Não sou macabra, não sou masoquista, não gosto de sofrer. Mas eu me liberto quando escuto essas músicas, leio esses livros e vejo esses filmes, pois isso me mostra que somos fortes, que eu posso ser forte. Afinal, o que é que faz dos grandes artistas serem o que são se não é todo o drama que eles trazem à tona?

Oi girl!
Concordo contigo: se tem final feliz, não é história para mim.
Odeio comédia romântica.
E acho os livros da Marian Keyes muito engraçados! O único que eu achei um pouco mais triste (e que virou o meu favorito) foi o Tem alguém aí. Que coisa… Uma amiga para quem emprestei o Melancia tambem achou deprê. Agora ele esta com uma prima (tinha até esquecido que tinha esse livro, ele nao para na estante).
Odeio comedia, stand up, humor brasileiro (alias, tambem odeio cinema brasileiro. Mas gostei de Tropa de Elite. Só o primeiro)

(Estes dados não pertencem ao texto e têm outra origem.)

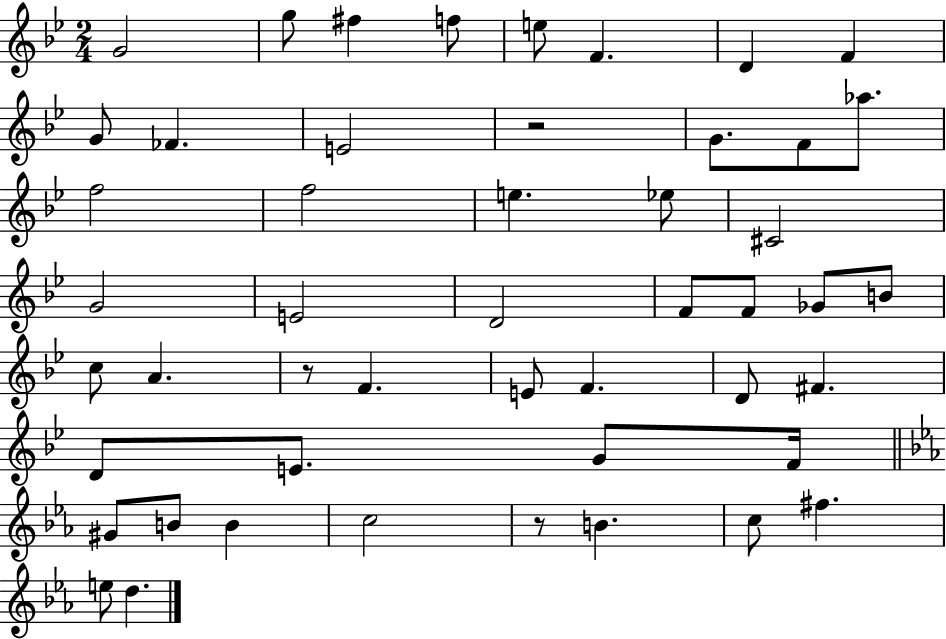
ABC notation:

X:1
T:Untitled
M:2/4
L:1/4
K:Bb
G2 g/2 ^f f/2 e/2 F D F G/2 _F E2 z2 G/2 F/2 _a/2 f2 f2 e _e/2 ^C2 G2 E2 D2 F/2 F/2 _G/2 B/2 c/2 A z/2 F E/2 F D/2 ^F D/2 E/2 G/2 F/4 ^G/2 B/2 B c2 z/2 B c/2 ^f e/2 d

Enfim, sou meio como vc. Gostei do Fale com Ela, gostei do Frida (acho que vc vai gostar, já viu?), e outros dramas doidos como Menina de Ouro, A Espera de um Milagre, Volver…
Bjs e boa semana!
Por: Dalila em 17/01/2012
às 11:18 PM
PS: dramas “doííídos” (descurpe pela anarfa…) e não doidos… Afffff
Hehehe
Por: Dalila em 17/01/2012
às 11:21 PM
Dalila, eu comecei a ler Tem alguém aí em inglês e que história triste, né. Bem do jeito que eu gosto! Acabei abandonando a leitura por conta de outras que eu tive que fazer, mas pretendo voltar. E como dizer que esse tipo de coisa não pode acontecer na vida real? Melancia é ótimo, é divertido, é uma lição para as mulheres não se deixarem levar numa situação como aquelas. E não tem nada de deprê!! Tem alguém aí é mais deprê, eu reconheço. Gosto de cinema brasileiro… com algumas ressalvas. Gosto do Selton Mello e das coisas que ele faz.

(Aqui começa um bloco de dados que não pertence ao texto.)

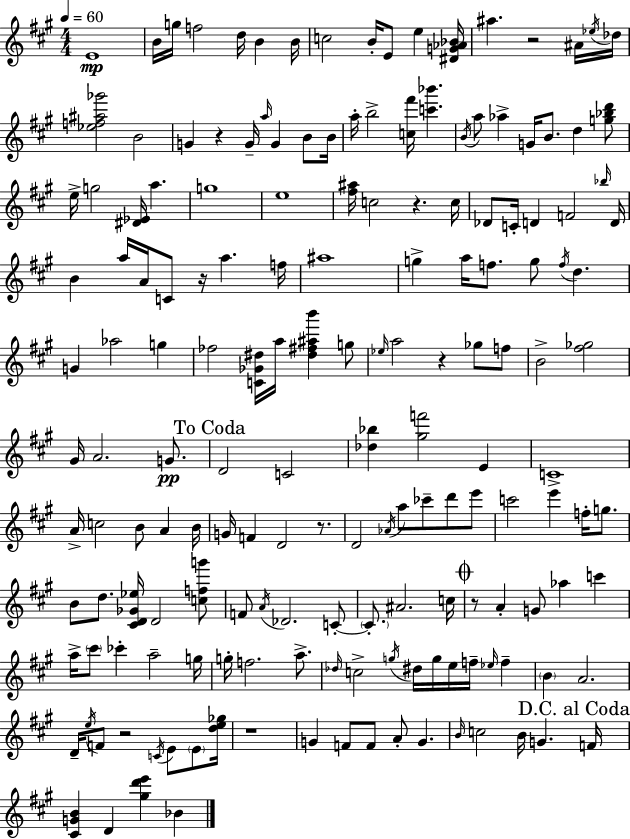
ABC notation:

X:1
T:Untitled
M:4/4
L:1/4
K:A
E4 B/4 g/4 f2 d/4 B B/4 c2 B/4 E/2 e [^DG_A_B]/4 ^a z2 ^A/4 _e/4 _d/4 [_ef^a_g']2 B2 G z G/4 a/4 G B/2 B/4 a/4 b2 [c^f']/4 [c'_b'] B/4 a/2 _a G/4 B/2 d [g_bd']/2 e/4 g2 [^D_E]/4 a g4 e4 [^f^a]/4 c2 z c/4 _D/2 C/4 D F2 _b/4 D/4 B a/4 A/4 C/2 z/4 a f/4 ^a4 g a/4 f/2 g/2 f/4 d G _a2 g _f2 [C_G^d]/4 a/4 [^d^f^ab'] g/2 _e/4 a2 z _g/2 f/2 B2 [^f_g]2 ^G/4 A2 G/2 D2 C2 [_d_b] [^gf']2 E C4 A/4 c2 B/2 A B/4 G/4 F D2 z/2 D2 _A/4 a/2 _c'/2 d'/2 e'/2 c'2 e' f/4 g/2 B/2 d/2 [^CD_G_e]/4 D2 [cfg']/2 F/2 A/4 _D2 C/2 C/2 ^A2 c/4 z/2 A G/2 _a c' a/4 ^c'/2 _c' a2 g/4 g/4 f2 a/2 _d/4 c2 g/4 ^d/4 g/4 e/4 f/4 _e/4 f B A2 D/4 e/4 F/2 z2 C/4 E/2 E/2 [de_g]/4 z4 G F/2 F/2 A/2 G B/4 c2 B/4 G F/4 [^CGB] D [^gd'e'] _B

Adorei Frida! Só não gostei daquele Em busca da felicidade… Tipo, auto-ajuda demais pra mim. Ok, se vc se dedicar e se esforçar bastante vai dar super certo na vida, tá bom… Como se um monte de gente não fizesse isso também… Enfim, bom saber que eu não estou só com o meu gosto “duvidoso”… hehehehehe
Por: Lene em 18/01/2012
às 8:32 AM
Querida, somos iguais nisso! Sabe qual é o meu lema? Eu preciso sofrer e ir até o fundo do poço, ter uma vida com altos e baixos, mas COLORIDA, cheia de emoção, sentimentos, vivências…. do que ter uma vida “cinza”. Eu vivo mesmo, intensamente!!!! Acho que por isso que eu amei o livro da Marian Keyes (e vou reler Melancia, li há muito tempo atrás…). A vida é para ser vivida, e intensamente!
Beijos
Por: Ane em 18/01/2012
às 7:59 PM
E na vida real os finais felizes são tão escassos, não é verdade? A gente aprende a dar a volta por cima e a construir o nosso final feliz de uma outra maneira.
Por: Lene em 19/01/2012
às 8:35 AM
Eu adotei uma resposta que uma amiga deu e fez todo o sentido pra mim: “algumas pessoas gostam de assistir a filmes e ler livros que causam uma sensação boa, eu gosto de assistir a filmes e ler livros que me causem alguma sensação”. Então é isso, gosto de ser provocada, de ficar pensando depois, de passar o dia seguinte com um gostinho diferente na boca… Também gostei de Closer, Fale com ela e P.S. Eu te amo. Sobretudo Closer, de tão real, de tão imperfeito e humano que é.
Por: Vivian em 14/02/2012
às 4:06 PM
Uau, muito boa! Quanto ao Closer, é bem isso mesmo que vc disse: realista pra caramba… Quando assisti pela primeira vez no cinema, saí até pensativa. É muito real, é a vida real em evidência.